◆ Exercise aim ◆
Here is the task for the listing below: output exactly the lines from the one containing "Photo of property" through the one containing "Nhà đẹp ngay", and leave out the pictures.

◆ Task inputs ◆
* * * *

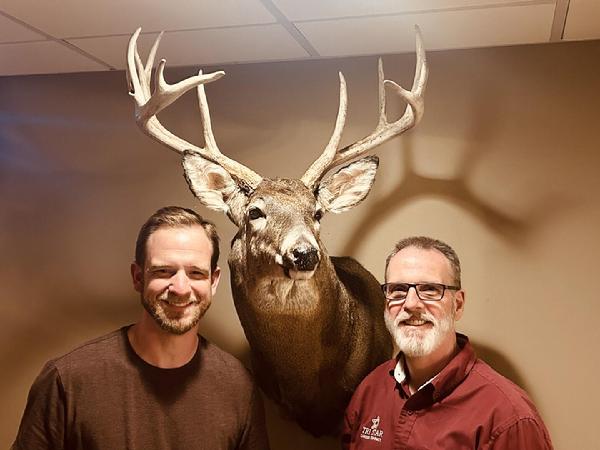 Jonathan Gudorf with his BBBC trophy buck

* * * *

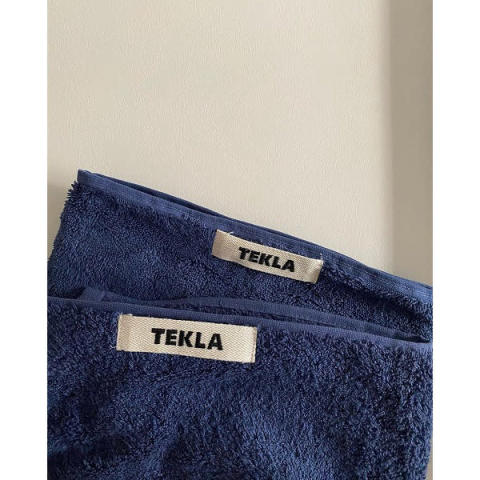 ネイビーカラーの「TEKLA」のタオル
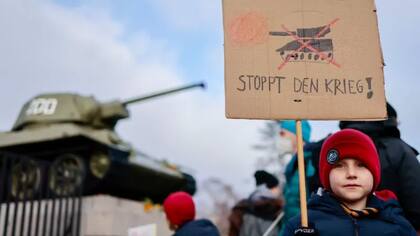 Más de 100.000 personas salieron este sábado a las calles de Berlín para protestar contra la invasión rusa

* * * *

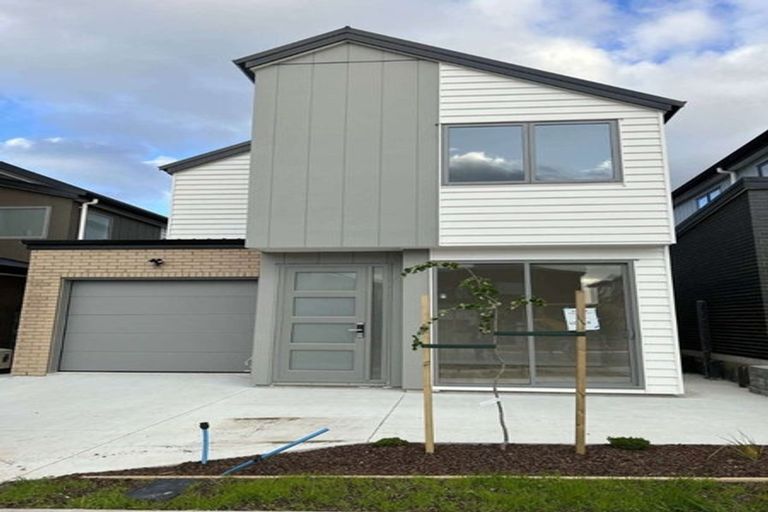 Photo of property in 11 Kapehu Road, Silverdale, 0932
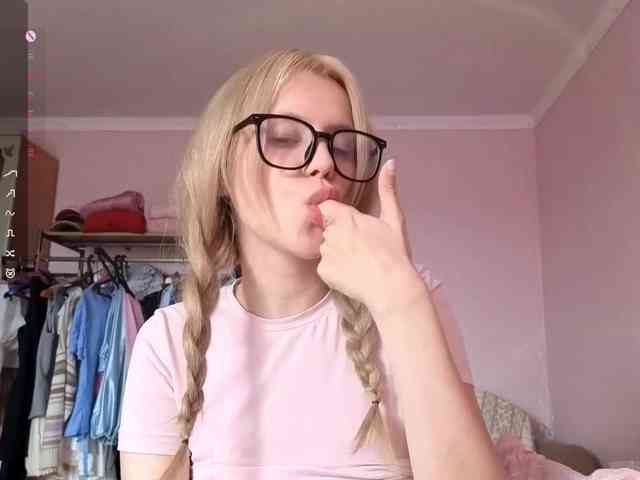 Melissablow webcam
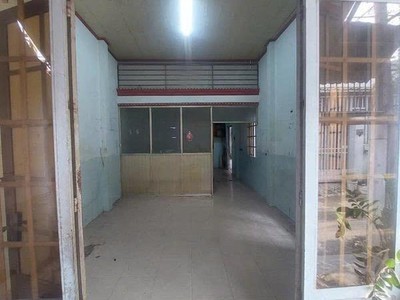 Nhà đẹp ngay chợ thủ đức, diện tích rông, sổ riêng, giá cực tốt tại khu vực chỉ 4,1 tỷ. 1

* * * *

◆ Exercise solution ◆
 Photo of property in 11 Kapehu Road, Silverdale, 0932
 Melissablow webcam
 Nhà đẹp ngay chợ thủ đức, diện tích rông, sổ riêng, giá cực tốt tại khu vực chỉ 4,1 tỷ. 1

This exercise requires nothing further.